Last year was “very good” for Greenlight Capital investors, according to the founder of the $3.1 billion firm.
David Einhorn’s firm returned 22.1%, bringing the firm’s annual returns to 13.1% over Greenlight’s 27-year history.
But Einhorn is ruing a missed opportunity at a “great” year. In a letter to investors seen by Business Insider, he said his short bets against companies he believed were overvalued went haywire.
“Bubble-like conditions returned for the most speculative stocks, and a handful of our shorts went parabolic,” he wrote. Artificial intelligence advances caused a frenzy in many tech stocks last year, propelling massive gains for some of the largest companies in the world.
Einhorn did not name the four short positions in the letter that helped drag the entire short book down 25.6% last year but called the performance “disgusting.” The firm’s long positions, meanwhile were up 48% after fees.
The short positions were not new ones. He wrote that three of the four big losers were winners for the portfolio last year.
“2023 was a different story. One short doubled, two more than quadrupled, and the last one went up more than tenfold,” he wrote.
Short-sellers who expected a big market sell-off last year in the face of rising interest rates worldwide were shocked when the overall stock market surged more than 24%. Industry data firm S3 noted that short-sellers had paper losses of nearly $195 billion last year after earning $300 billion in 2022.
Einhorn’s frustrations with his portfolio are clear in the letter.
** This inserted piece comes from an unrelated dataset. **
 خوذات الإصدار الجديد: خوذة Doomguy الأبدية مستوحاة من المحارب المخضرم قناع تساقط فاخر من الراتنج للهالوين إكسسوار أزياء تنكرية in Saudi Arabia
He wrote that “only one of the four companies is profitable, and that one saw its 2023 earnings estimates cut by more than 40% over the course of the year” — but the stocks only grew more overvalued throughout the year.
The firm hasn’t given up on its theses for these stocks despite the rough year.
“Should the world come to see these companies as we do, we are positioned to recover some of our losses in these shorts in 2024,” he wrote.
Einhorn in the past has been a vocal short-seller of Elon Musk’s Tesla, sparring with the billionaire publicly, and took out put options on the automaker in early 2022, but the descriptions of the four positions in the letter do not match that of Tesla.
The firm declined to identify the four positions when asked by Business Insider or offer any additional comment on the letter. Sectors the manager expects will grow include the defense industry due to conflicts around the world.
“The ongoing wars are depleting ammunition stockpiles. We believe this sector is likely to perform well due to both possible escalation of hostilities and the need to replenish ammunition. As we disclosed in our last letter, we have established a large position in oil futures,” he wrote.